Certes ce n’est pas la première solution à répondre aux besoins des personnes qui ne font pas parties des critères classiques bancaires, mais c’est sans doute l’une des solutions les plus abouties. Le Mont de Piété permet aussi de laisser un objet en gage contre un prêt. Certaines banques mutualistes ont même vu le jour afin d’aider des personnes jugées autrefois insolvables.
Le microcrédit n’est que l’une des composantes de la micro finance. Cette dernière englobe autant des micro épargnes que des micro assurances, le tout pour des micro projets. Il n’est pas question de créer une société qui embauchera 1.000 chômeurs, mais d’aider 1.000 chômeurs à créer et à développer leurs structures.
Au fil des années, le microcrédit s’est étendu sur la planète, et il apparaît même aujourd’hui dans les pays développés, alors qu’il s’était concentré jusqu’à présent dans les pays en voie de développement. Ainsi, l’ADIE ou Association pour le Droit à l’Initiative Economique aide des chômeurs à créer leurs activités via des micro crédits, comme l’achat d’un scooter ou encore d’une camionnette, voire de financer l’achat d’un permis de conduire, et ce pour des populations qui se sont vues refuser tout crédit de la part des établissements bancaires. L’un des plus grands économistes français, Jacques Attali, est d’ailleurs à la tête de Planet Finance, fondée en 1998, une structure destinée à aider les microprojets, à travers de l’assistance technique par exemple.
Le micro crédit connaît ses heures de gloire avec l’obtention du Prix Nobel de la Paix par Muhammad Yunus, et par l’Année Internationale du Microcrédit décrétée par les Nations Unis pour 2005. Mais le microcrédit n’est pas exempt de critiques. Les taux d’intérêts sont en effet supérieurs aux taux classiques, et certains n’hésitent pas à critiquer des organismes bancaires qui préfèrent prêter peu à beaucoup de monde mais avec un taux d’intérêts élevés. Le microcrédit profite-t-il de la pauvreté ? Pour certaines banques, oui. Mais c’est loin d’être la majorité des projets mis en place. Ainsi plusieurs centaines de millions d’individus de par le monde ont profité de crédits destinés à financer des microprojets.

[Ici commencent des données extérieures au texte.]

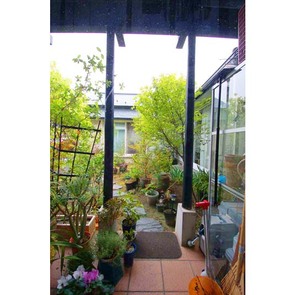 ステンレストップとボウル部分が一体化した、トイレ内手洗い場所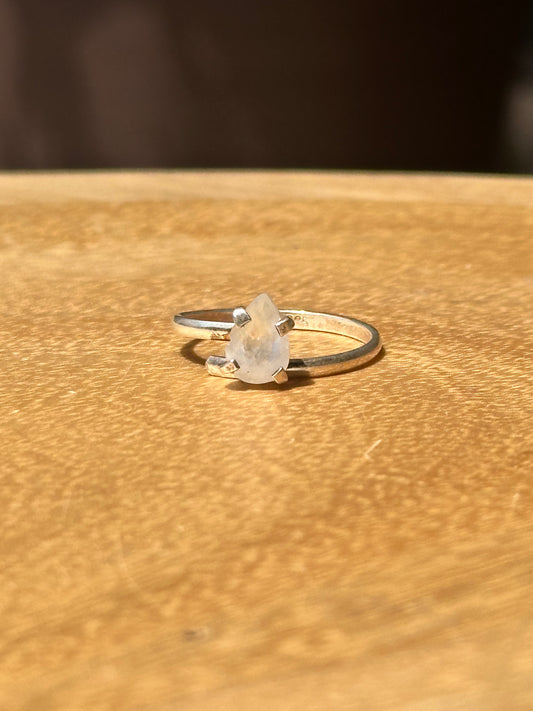 Anillo Ajustable de Piedra Luna en Plata .925 | Piedra de Intuición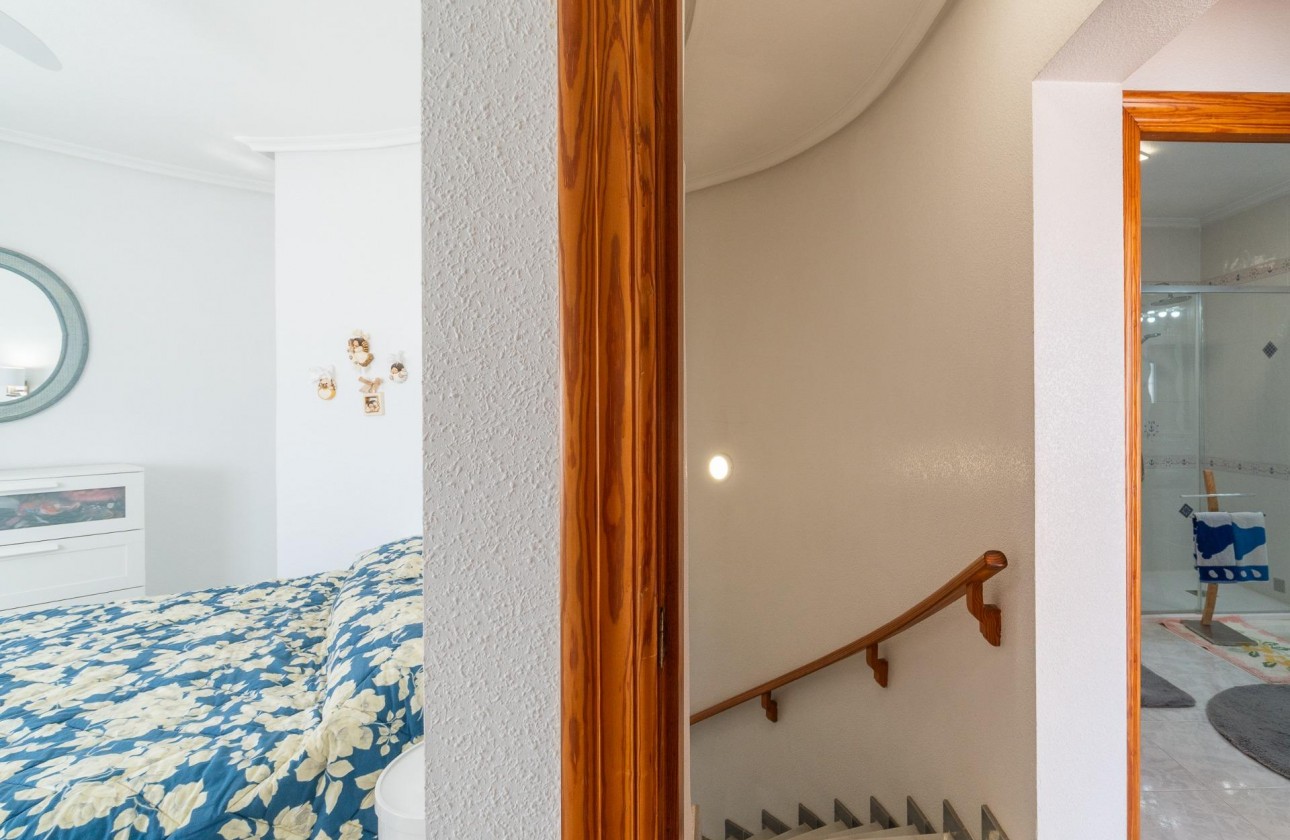 Revente - Villa - Orihuela Costa - La Zenia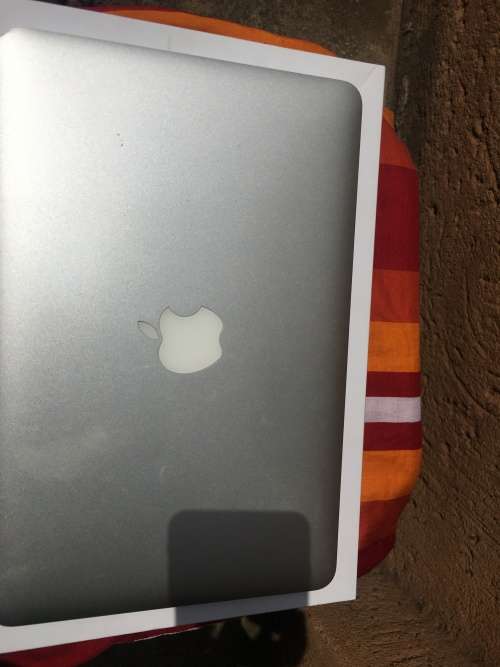MacBook || Air|| i5 5th Gen || Early 2015 || 128GB SSD || 4GB Ram || Pristine Condition ||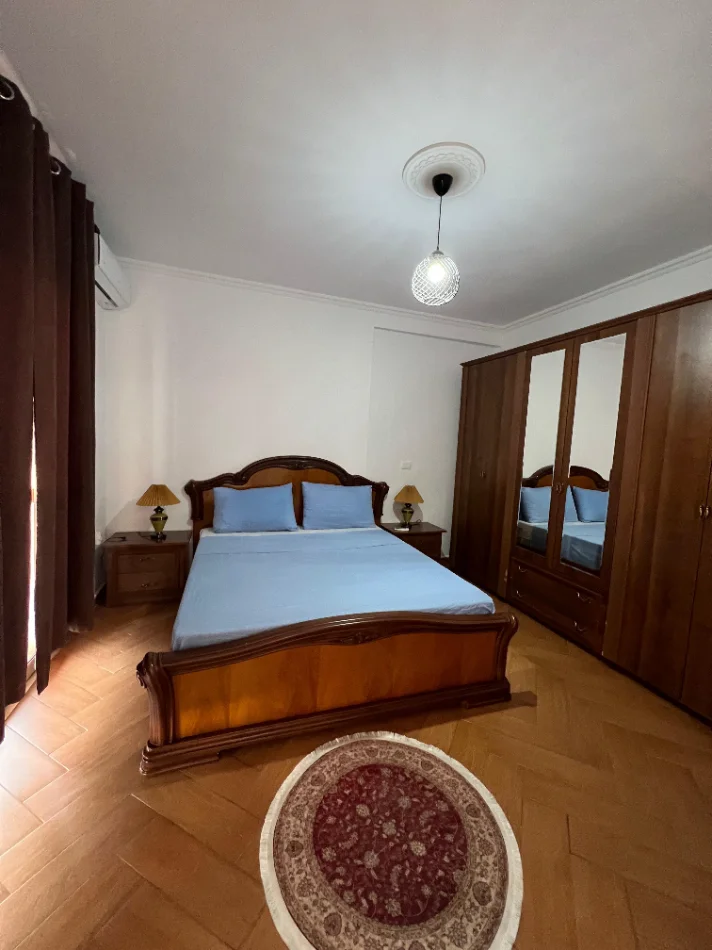 Tirane, jepet me qera apartament 2+1+Ballkon Kati 9, 112 m², Rruga e Barrikadave, 65.000Leke/Muaj
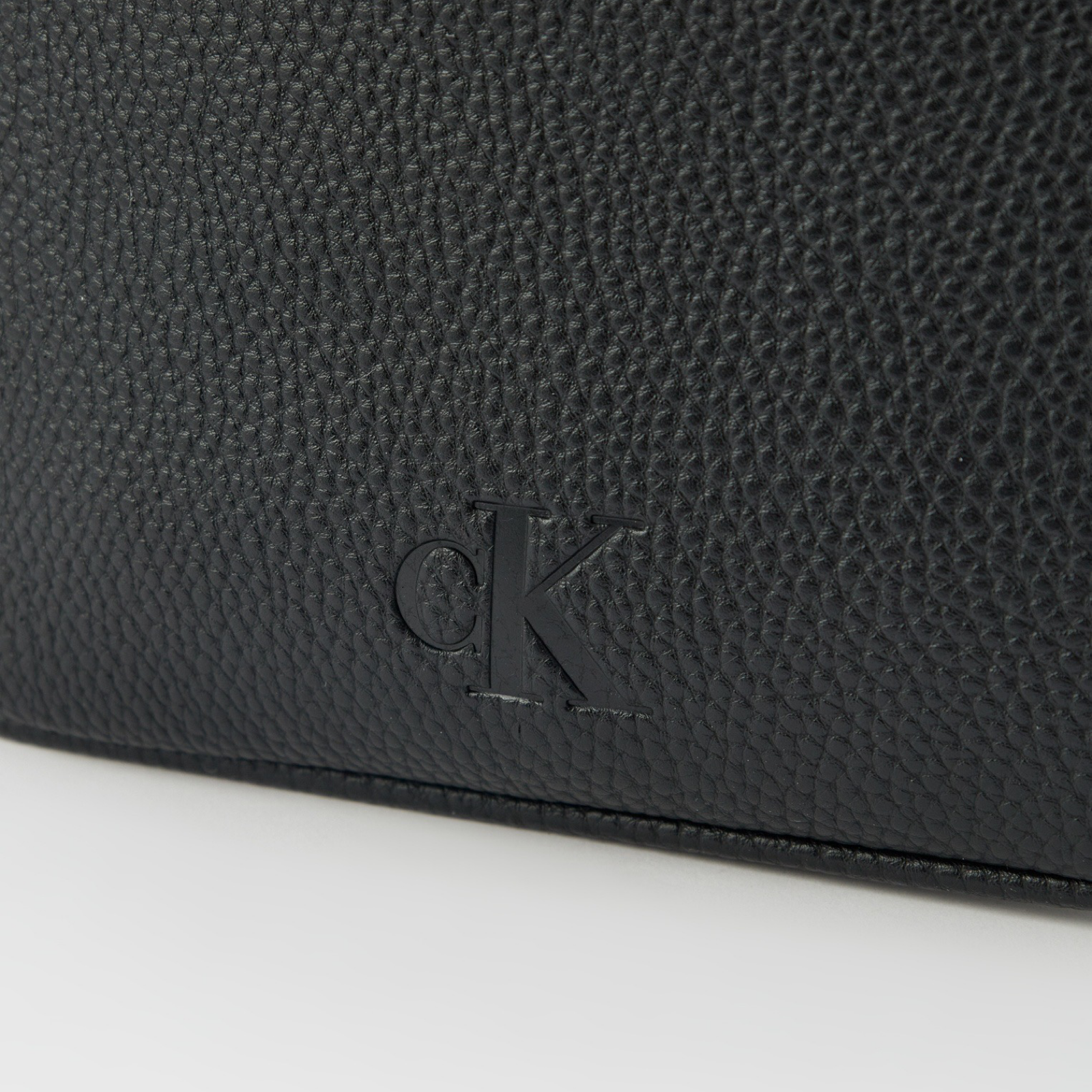 Мъжка чанта за кръста Calvin Klein Men Waist Bag K50K512558 BEH Close-Up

Après plusieurs décennies, les études ont démontré que le microcrédit permettait l’émergence de projets essentiellement au niveau local et qu’il aidait à la diminution de l’écart de revenus entre les hommes et les femmes. Ces dernières étant plus souvent porteuses de microprojets que les hommes. Si vous souhaitez apporter votre pierre à l’édifice du micro crédit, sachez que plusieurs associations comme l’ADIE acceptent les dons.